Liability and Discharge in Instruments
Liability on Instruments
Liability Concepts
Signature Liability: Happens when someone signs an official financial paper (like a check), taking responsibility for it. They can be either mainly responsible or secondarily responsible, depending on how they signed (e.g., as the person who wrote the check, or endorsed it).
Warranty Liability: This responsibility comes from giving or showing an official financial paper to someone else. It protects the people receiving or paying the paper from certain problems, even if no one signed it.
Secondary Liability: People who endorse checks (indorsers) and writers of checks (drawers) usually have secondary liability. This means they only have to pay if the main person responsible doesn't pay and they are properly told about it.
Primary Liability: People who promise to pay on notes (makers) and banks that agree to pay drafts (acceptors) have primary liability. They absolutely must pay the paper when it's due.
Warranty Liability
Definition: Warranty liability happens when someone gives or shows an official financial paper. It's a promise from the person giving or showing it that certain things about the paper are true.
Characteristics:
No signature needed: Unlike signing liability, warranty liability starts just by giving or showing the paper, even if no one writes their name on the back (indorses).
Doesn't depend on proper showing, non-payment, or notice: These steps are for secondary (signing) liability. Warranty liability is separate from these.
About who takes the risk of loss; people who can protect themselves best should handle the risks: This means the person who could have most easily found a problem (like a changed paper) usually pays the final cost.
Transfer Warranties
Definition: These promises are made when an official financial paper is given to someone for something of value (like a sale or delivery). They protect everyone who gets the paper afterward and, if the paper was endorsed, the person who got it directly from the endorser.
Key Points: When an official paper is handed over, the person handing it over usually promises that:
They have the right to get money from the paper.
All signatures on the paper are real and allowed.
The paper hasn't been changed.
No one can use a reason to avoid paying the paper against the person who handed it over.
They don't know if the person who made the paper, accepted it, or wrote an unaccepted draft has started bankruptcy (is unable to pay debts).
The person receiving the paper must ask for payment, which then creates a promise based on what happens.
Presentment Warranties
Definition: These promises protect the person who is asked to pay (like the bank, maker, or acceptor) and who pays or accepts the paper honestly.
Key Warranties Include:
The person asking for payment or acceptance has the right to get money from the paper (or is an authorized agent): This makes sure the person paying is giving money to the right owner and avoids paying someone else.
The paper has not been changed: This protects the payer from paying more money because of a fake change.
There's no knowledge that the writer's signature is fake: This means the person showing the paper doesn't know the writer's signature is a forgery. (Note: The bank that pays, not the person showing the paper, usually takes the risk if the writer's signature is fake).
Breach of Warranty
Claim: A problem arises as soon as the owner knows about a broken promise, like finding a fake endorsement or a change to the paper.

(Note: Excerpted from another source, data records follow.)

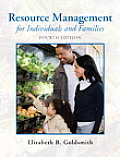 Resource Management for Individuals & Families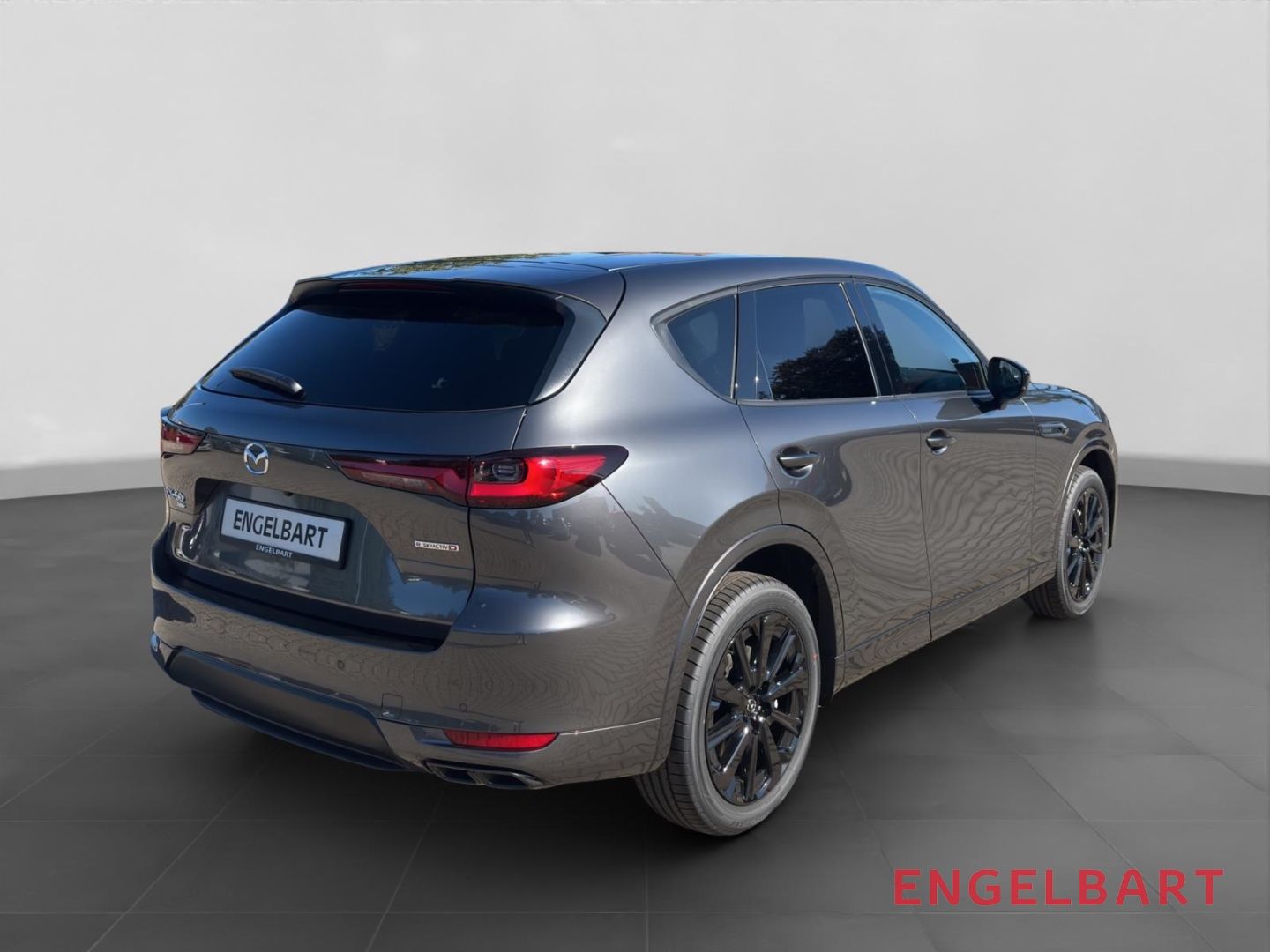 Mazda CX-60 - Bild 4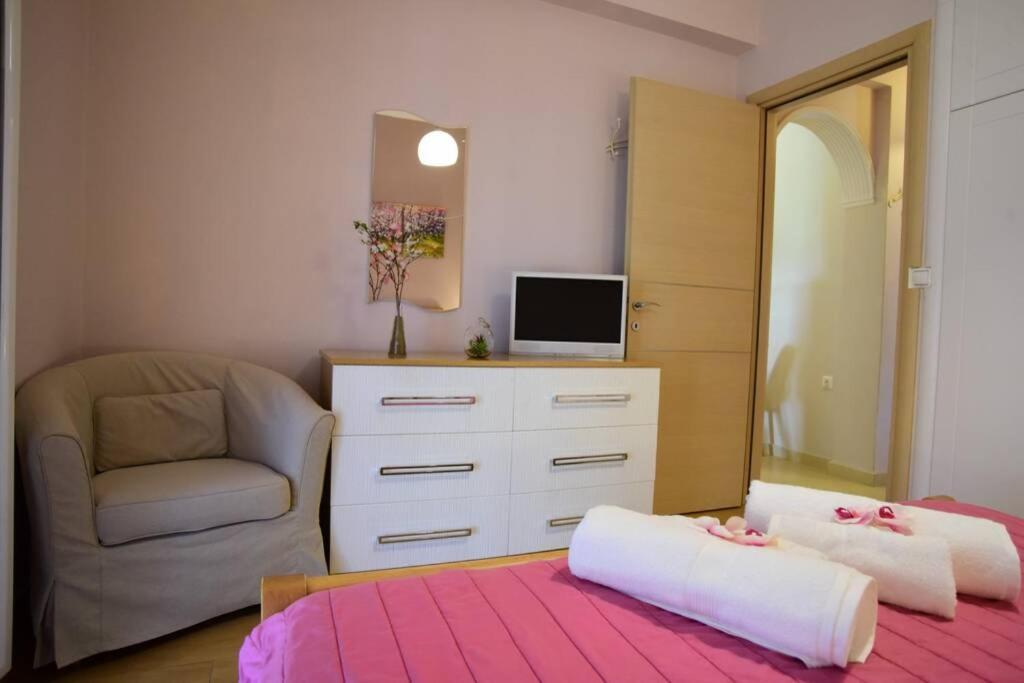 Apartment Nasia's House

Notice Requirement: The owner must tell the person who transferred the paper about the broken promise within 30 days of finding it. If they don't give notice on time, the transferor might not be responsible for the loss if the delay caused it.
Damages:
Up to the full amount of the paper.
Plus costs and lost interest: This can include lawyer fees and other costs because of the broken promise.
Discharge of Liability
Definition: This happens when someone who was responsible for an official financial paper no longer has to pay for it, either because it's been paid or certain actions have been taken.
Ways to Discharge Liability:
Payment or offer to pay: This is the main way responsibility ends.
Canceling or Giving Up: An owner can purposely cancel a paper or give it back to a party, which stops that party's responsibility.
Getting it Back: If someone who was responsible for a paper before gets it back, then anyone who endorsed it in between is no longer responsible to the person who got it back or later owners.
Harming the right to get money back: If an owner harms another person's right to get money back (for example, by giving the maker of the note more time to pay without asking the endorser), that other person might no longer be responsible.
Harming the collateral: If an owner has a security interest (a claim) in property used as backup for the paper and damages the value of that property, those whose responsibility is affected might be let off the hook for the amount of the damage.
Payment and Tender of Payment
Definition: When the main person responsible (maker/drawee/acceptor) pays, it ends the responsibility for everyone else on the paper, including endorsers and any promises made, as long as the payment goes to the right person and isn't done dishonestly.
Effect on Liability: When the main person pays, all other related responsibilities (secondary signing responsibility and promise responsibility) usually end because the paper's goal has been met.
Certified and Cashier’s Checks
Certified Checks: These are checks approved by banks, meaning the bank promises to pay and sets money aside. This stops people from canceling payments or having issues with not enough money. Once certified, the person who wrote the check and any previous endorsers are no longer responsible, as the bank becomes mainly responsible.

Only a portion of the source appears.